(RECORDS FOR THIS EXERCISE begins)

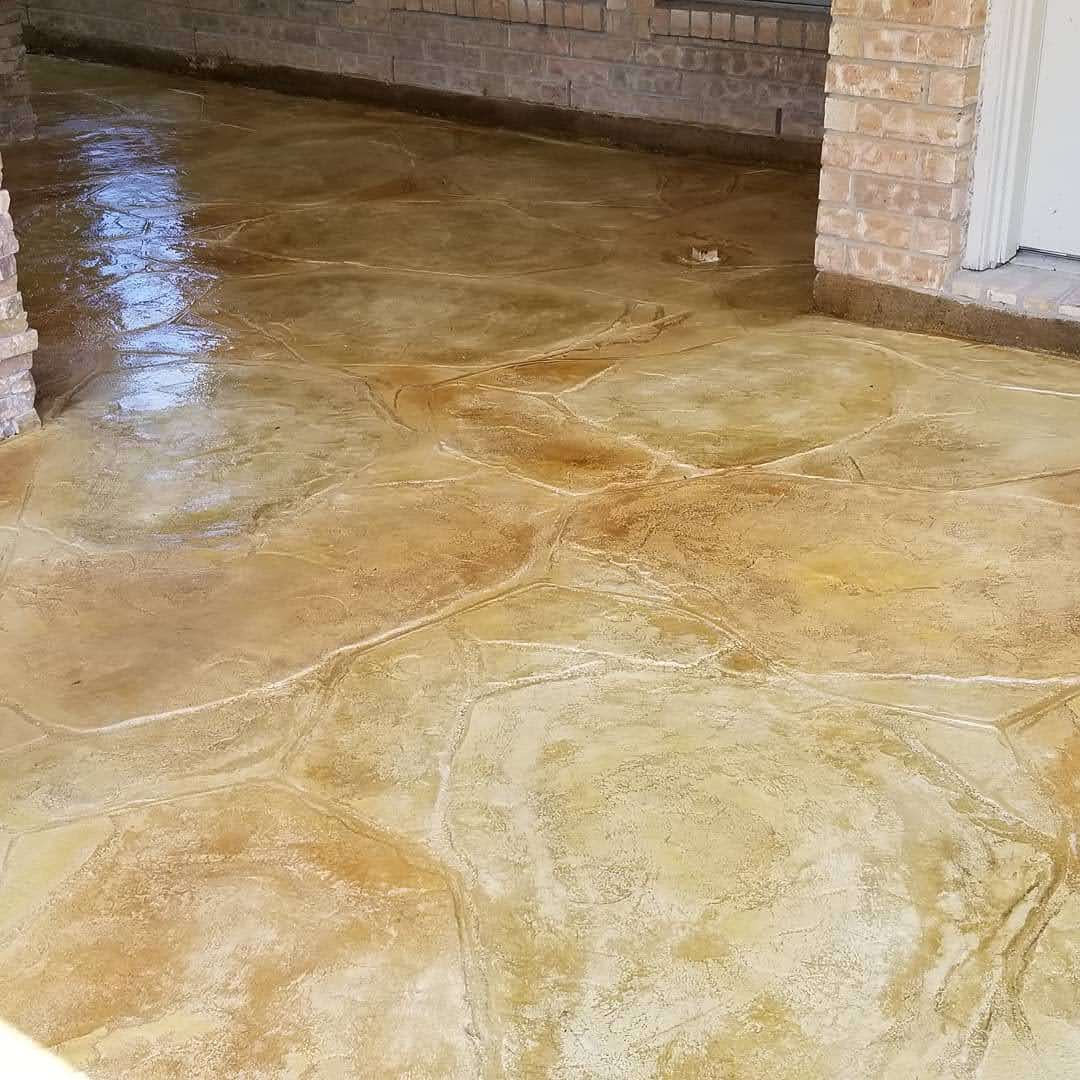 Decorative stained concrete floor with a polished finish in a spacious indoor area.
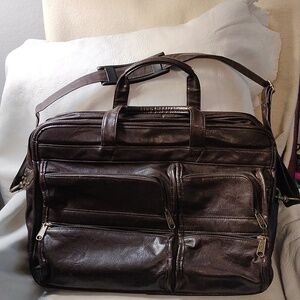 Brown leather briefcase 17" wide 12" tall , handles 17",crossbody 36" st…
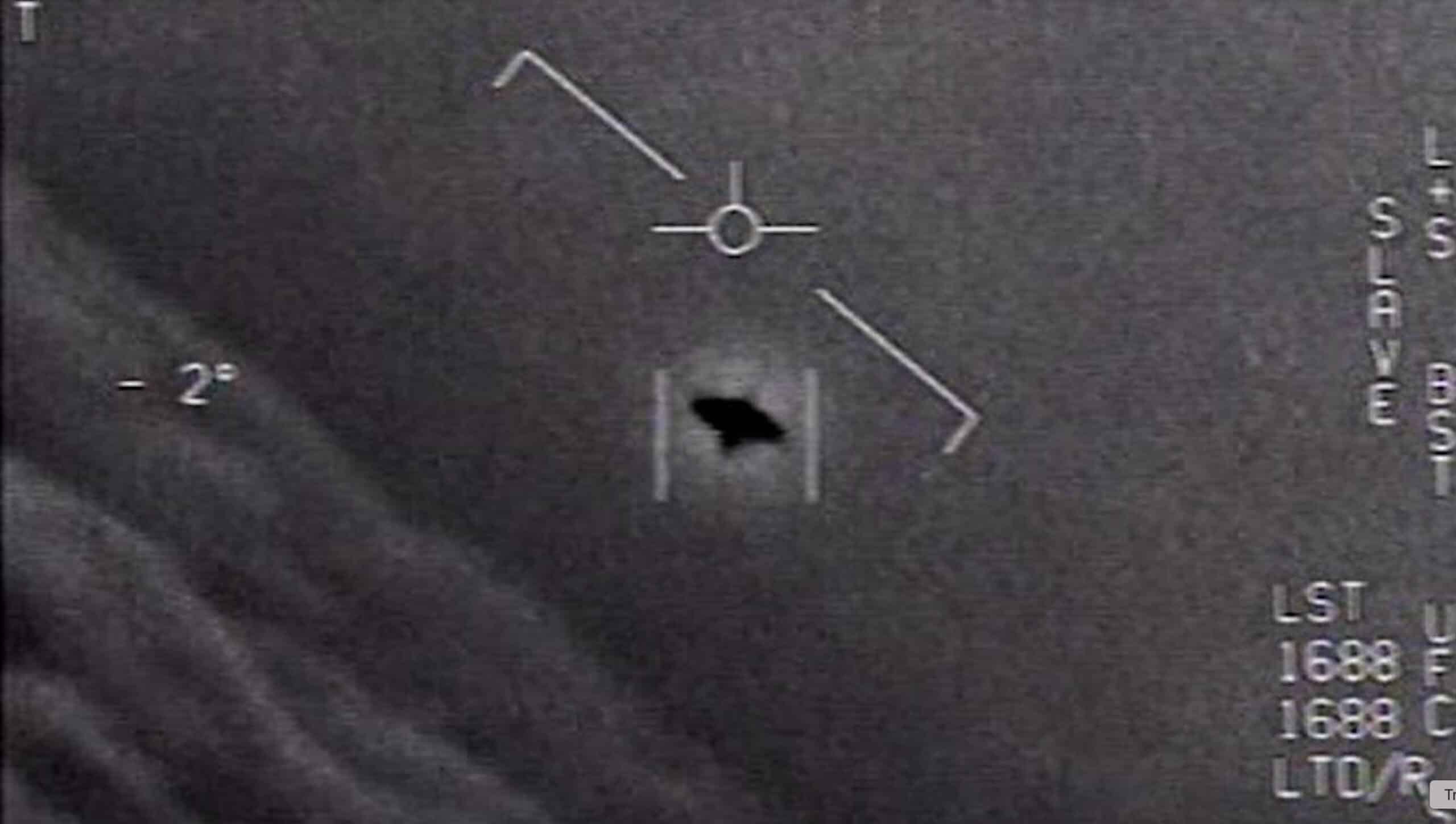 Grayscale medical image showing a circular crosshair marker with a diagonal line and a dark irregular shape near the lower center, plus measurement marks along the right edge.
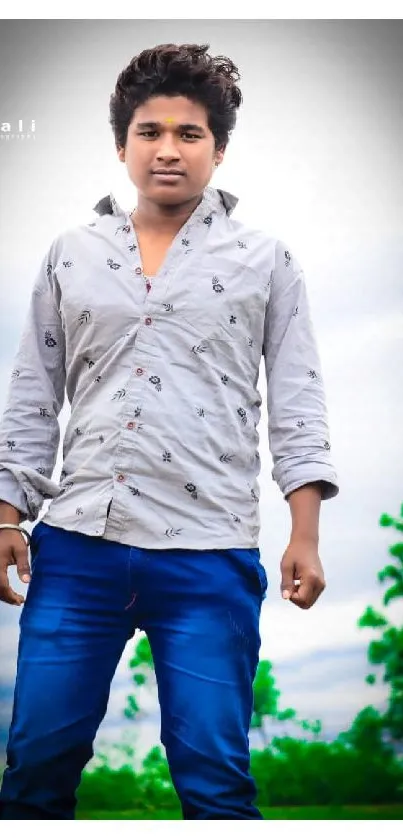 Young man in stylish shirt with blue pants outdoors.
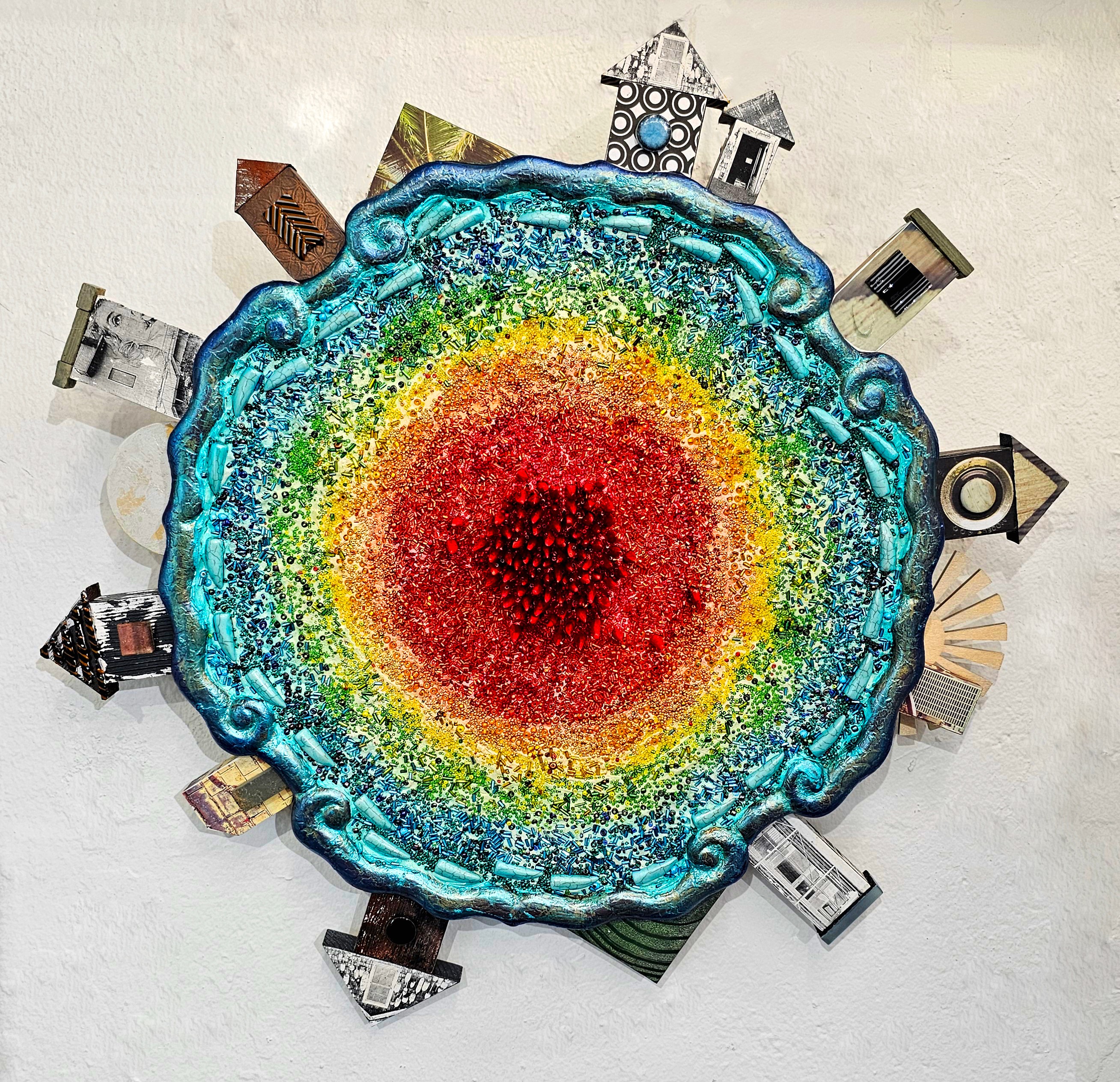 Colorful circular mosaic with small house images around the edge, resembling a rainbow or planet, on a light background.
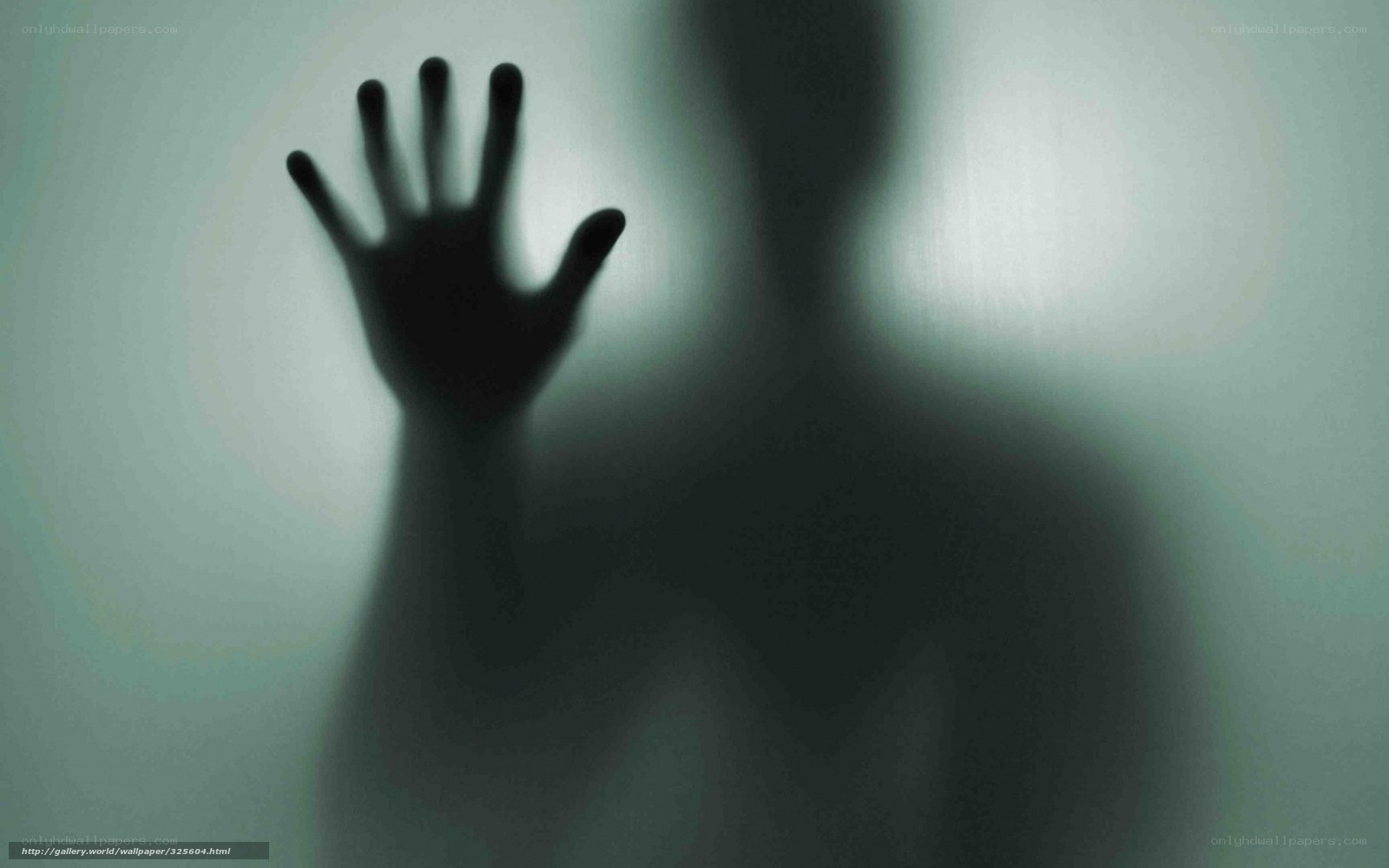 Silhouette hand on glass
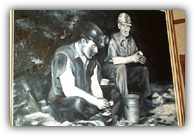Debs spent his entire life helping the working class, such as these miners depicted in a mural in his home's attic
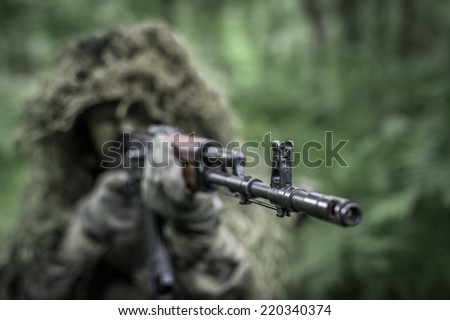 Special forces soldier in heavy camouflage hidden in forest, aiming with assault rifle - focus on barrel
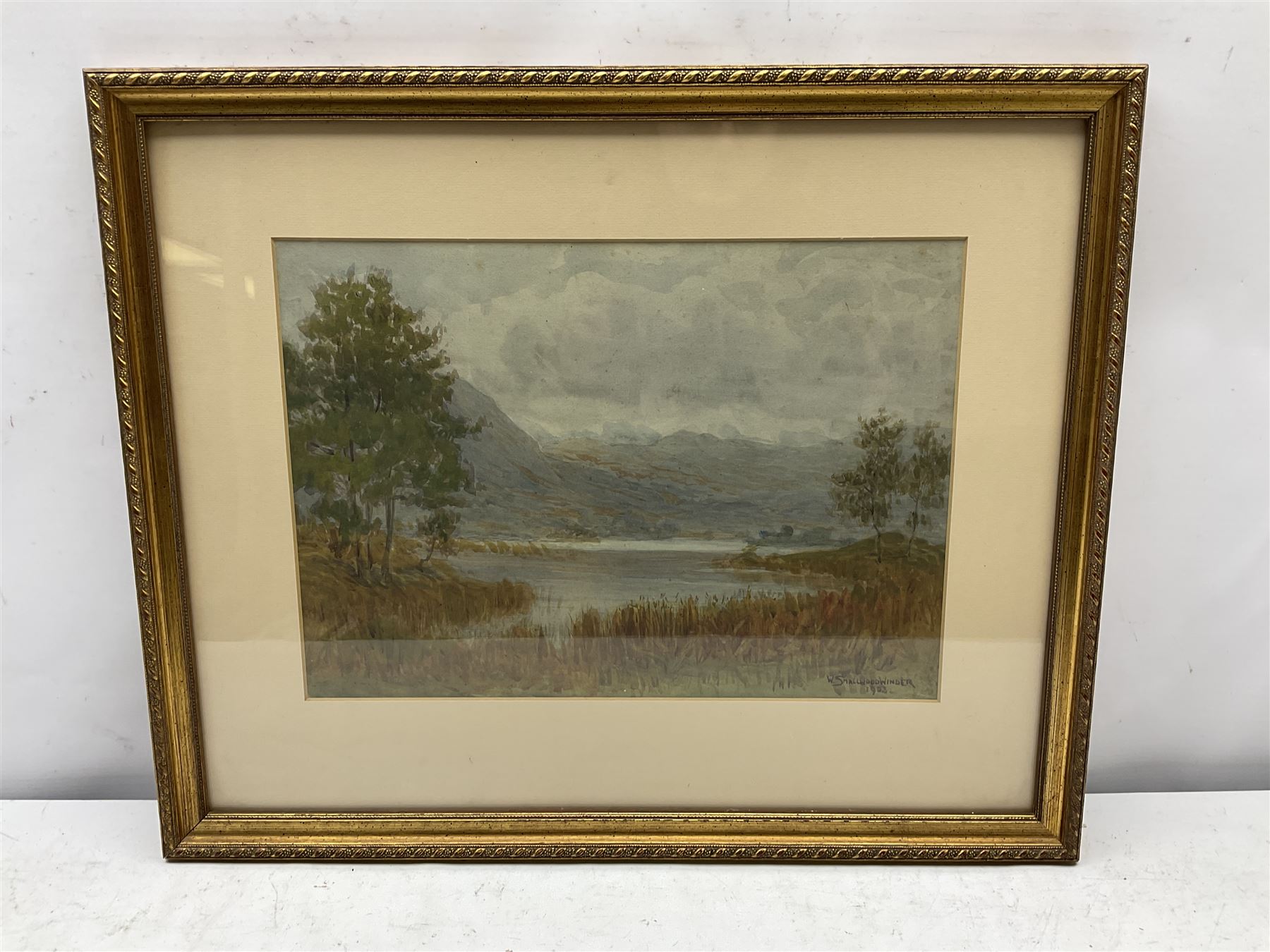 W Smallwood Winder (British 1870-1910): Lake Scene, watercolour signed and dated 1903 together with two further watercolours indistinctly signed max 39cm x 54cm (3)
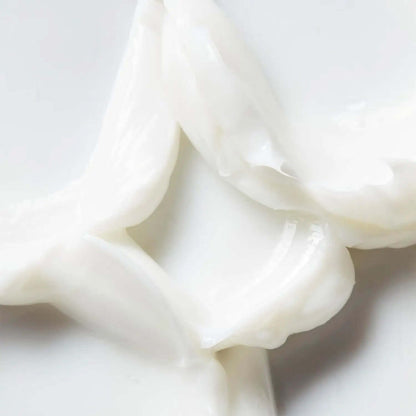 Close-up of AMELIORATE® Intensive Foot Treatment cream, showcasing its rich, smooth texture ideal for dry feet.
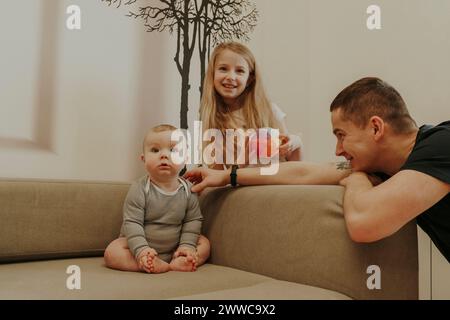 Ein Kleinkind sitzt neben der Familie auf dem Sofa zu Hause Stockfoto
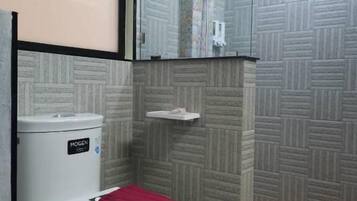 A bathroom with a toilet, a shower, and a tiled wall.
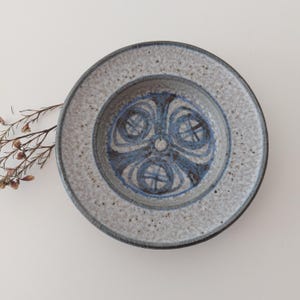 May include: A white ceramic bowl with a blue and gray geometric design. The bowl has a speckled glaze and a slightly raised rim.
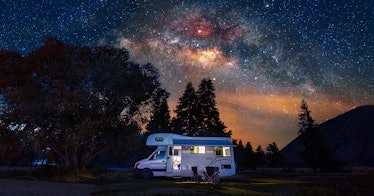 Photo of a trailer parked near wilderness at night, an example of airbnb-like camping alternatives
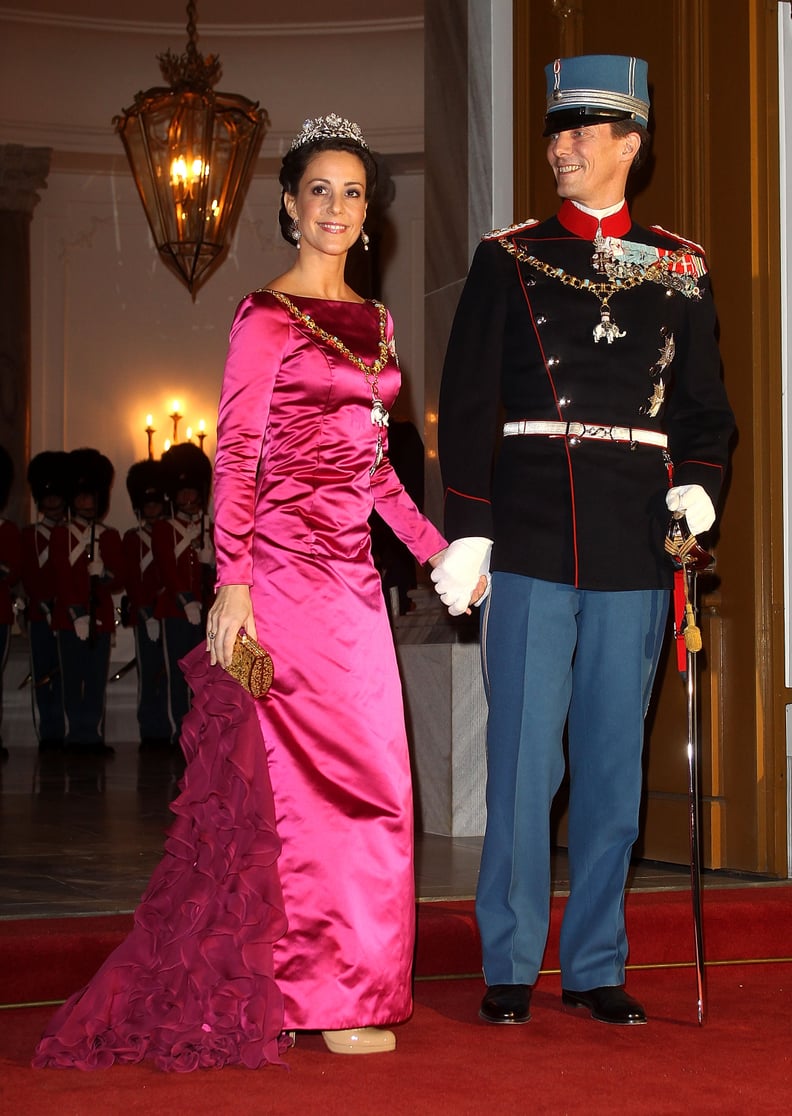 But Marie's Wardrobe Isn't For the Faint of Heart — She Takes Her Hot Pink in Satin With a Side of Ruffles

(RECORDS FOR THIS EXERCISE ends)

## WHAT THIS TASK INVOLVES
Without the pictures, repeat the entries above line by line, from the first through the one that contains "A bathroom with", both ends included.

## SOLUTION FOR THIS EXERCISE
 Decorative stained concrete floor with a polished finish in a spacious indoor area.
 Brown leather briefcase 17" wide 12" tall , handles 17",crossbody 36" st…
 Grayscale medical image showing a circular crosshair marker with a diagonal line and a dark irregular shape near the lower center, plus measurement marks along the right edge.
 Young man in stylish shirt with blue pants outdoors.
 Colorful circular mosaic with small house images around the edge, resembling a rainbow or planet, on a light background.
 Silhouette hand on glass
Debs spent his entire life helping the working class, such as these miners depicted in a mural in his home's attic
 Special forces soldier in heavy camouflage hidden in forest, aiming with assault rifle - focus on barrel
 W Smallwood Winder (British 1870-1910): Lake Scene, watercolour signed and dated 1903 together with two further watercolours indistinctly signed max 39cm x 54cm (3)
 Close-up of AMELIORATE® Intensive Foot Treatment cream, showcasing its rich, smooth texture ideal for dry feet.
 Ein Kleinkind sitzt neben der Familie auf dem Sofa zu Hause Stockfoto
 A bathroom with a toilet, a shower, and a tiled wall.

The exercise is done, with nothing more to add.